^It's a good point about the value of human adaptability, but there's little there that would require those humans to be jeopardized by sitting inside one-person guided missiles rather than in a bigger, more heavily shielded battleship. The reason for the aircraft-carrier-and-fighter paradigm is to project power beyond the horizon. There are no horizons in space. If you just want to shoot at stuff, it makes more sense to use missiles or drones. If it's a situation that requires human decision-makers on-site, then why not just send a larger ship? If it's a question of speed, a larger ship would presumably have more powerful engines and could go faster (although there would be some tradeoff from its greater mass).

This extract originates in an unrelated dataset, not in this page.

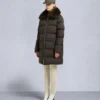 Belle Dune lang shearling-trimmet pufferjakke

Space is not empty. Star Trek
provides all sorts of horizons in space: Hiding behind moons and planets, hiding in nebulae, hiding in sensor blind spots, being invisible to sensors, and using cloaking devices are just some of the ways that fields of view are limited in space.
As far why not encase each person in invulnerable armor, even in Star Trek
there is opportunity cost. Replicators may eliminate scarcity for things like food, clothing, and shelter against weather on Earthlike planets, but they evidently cannot themselves alone solve the problem of the scarcity of exotic (super-dense?) materials required to construct advanced and magical Treknology. There are only so many Galaxy-class starships to go around. There are far more runabouts.
And even if you make the point of your spear first-class, there's always your rear that might be outflanked. Not every cubic parsec of space is equally well protected. Not every freighter has Galaxy-class shield generators (let's just say that none do).